→ **Problem description**:
The full listing, returned exactly and free of pictures, is the expected answer.

── Source data

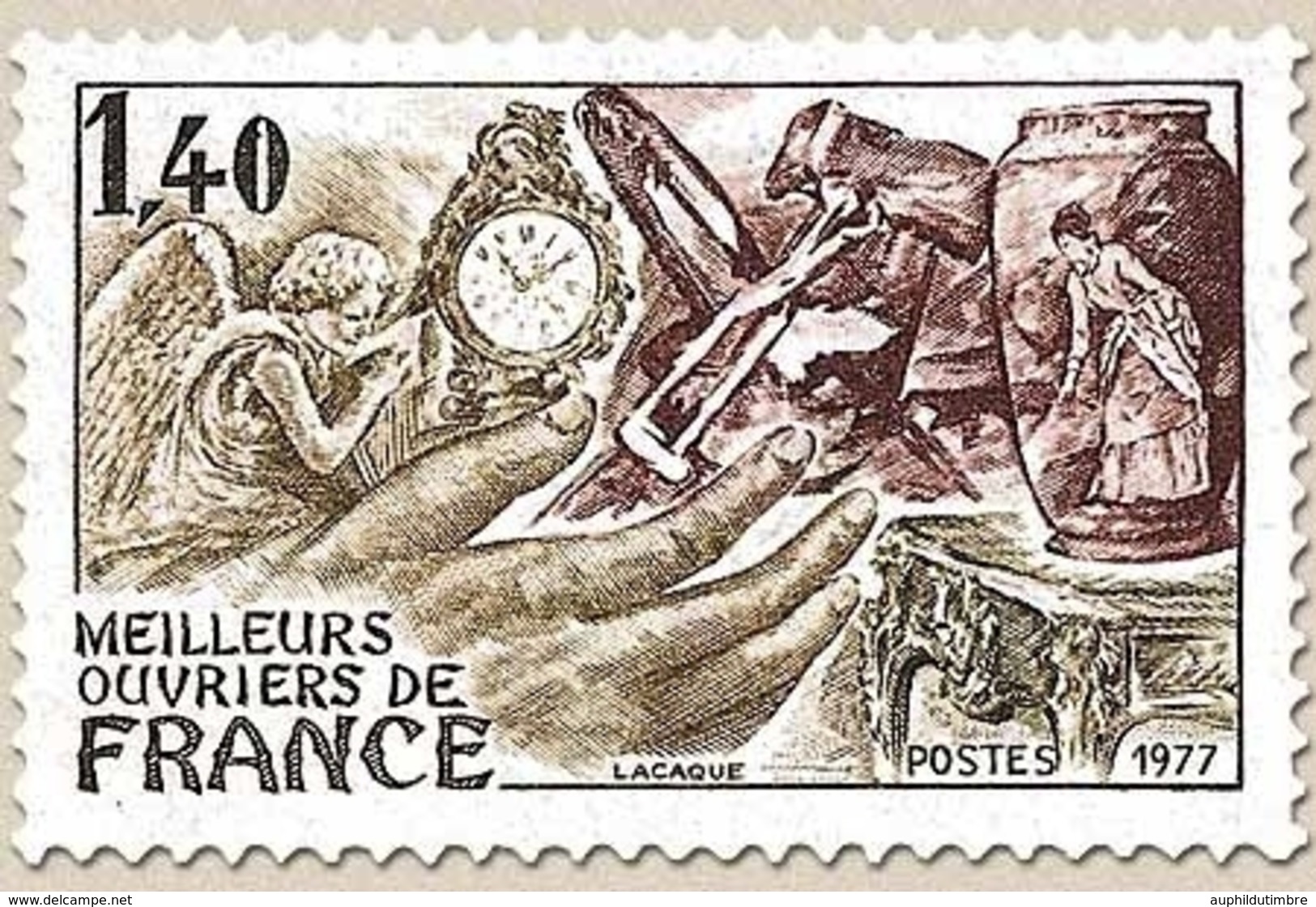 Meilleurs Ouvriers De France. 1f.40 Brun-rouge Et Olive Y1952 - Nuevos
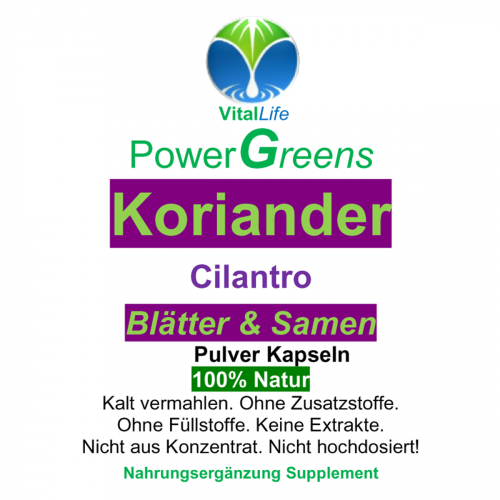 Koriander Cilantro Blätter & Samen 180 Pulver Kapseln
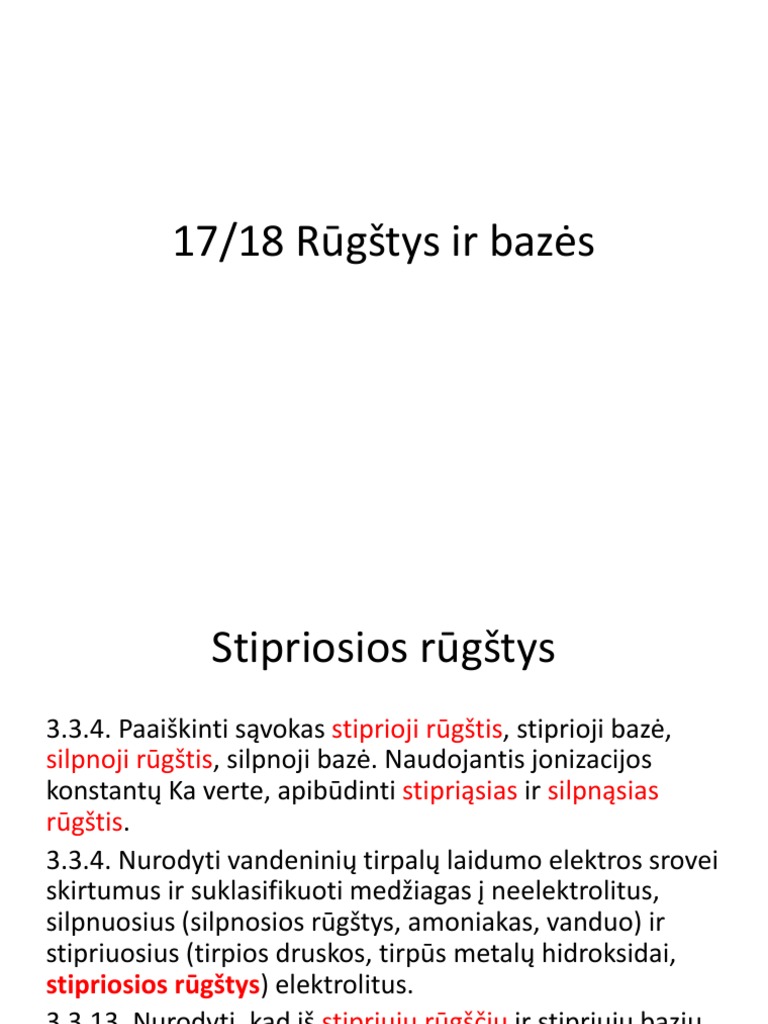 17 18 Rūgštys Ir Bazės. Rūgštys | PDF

────

→ **Finished exercise**:
 Meilleurs Ouvriers De France. 1f.40 Brun-rouge Et Olive Y1952 - Nuevos
 Koriander Cilantro Blätter & Samen 180 Pulver Kapseln
 17 18 Rūgštys Ir Bazės. Rūgštys | PDF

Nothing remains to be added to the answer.